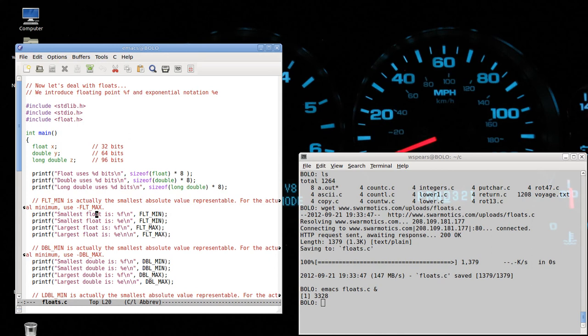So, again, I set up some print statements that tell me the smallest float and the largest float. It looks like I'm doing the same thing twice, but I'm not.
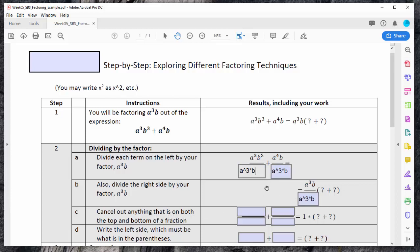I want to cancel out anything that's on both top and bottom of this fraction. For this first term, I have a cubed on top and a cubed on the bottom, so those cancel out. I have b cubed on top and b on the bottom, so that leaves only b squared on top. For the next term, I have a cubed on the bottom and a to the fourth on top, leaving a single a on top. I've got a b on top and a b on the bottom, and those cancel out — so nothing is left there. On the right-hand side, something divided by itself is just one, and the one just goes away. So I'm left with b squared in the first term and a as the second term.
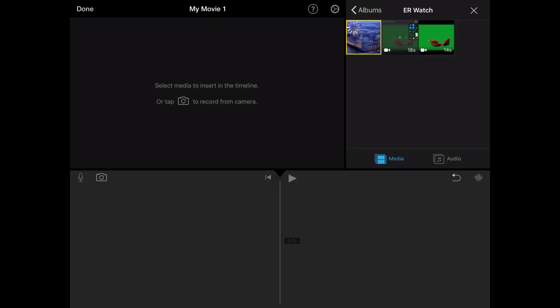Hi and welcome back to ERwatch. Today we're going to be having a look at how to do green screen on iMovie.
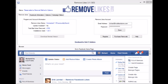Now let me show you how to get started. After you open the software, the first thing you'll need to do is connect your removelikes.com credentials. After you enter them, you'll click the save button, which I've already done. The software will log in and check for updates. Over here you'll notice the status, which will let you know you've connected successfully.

---

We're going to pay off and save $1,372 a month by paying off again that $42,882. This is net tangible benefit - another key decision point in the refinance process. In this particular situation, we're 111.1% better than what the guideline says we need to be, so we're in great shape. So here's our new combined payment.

> _Task goal_
Reproduce exactly, with no pictures, the lines above from the one holding "So, again, I" to the one holding "Now let me show", inclusive.

> _Answer box_
So, again, I set up some print statements that tell me the smallest float and the largest float. It looks like I'm doing the same thing twice, but I'm not.
I want to cancel out anything that's on both top and bottom of this fraction. For this first term, I have a cubed on top and a cubed on the bottom, so those cancel out. I have b cubed on top and b on the bottom, so that leaves only b squared on top. For the next term, I have a cubed on the bottom and a to the fourth on top, leaving a single a on top. I've got a b on top and a b on the bottom, and those cancel out — so nothing is left there. On the right-hand side, something divided by itself is just one, and the one just goes away. So I'm left with b squared in the first term and a as the second term.
Hi and welcome back to ERwatch. Today we're going to be having a look at how to do green screen on iMovie.
Now let me show you how to get started. After you open the software, the first thing you'll need to do is connect your removelikes.com credentials. After you enter them, you'll click the save button, which I've already done. The software will log in and check for updates. Over here you'll notice the status, which will let you know you've connected successfully.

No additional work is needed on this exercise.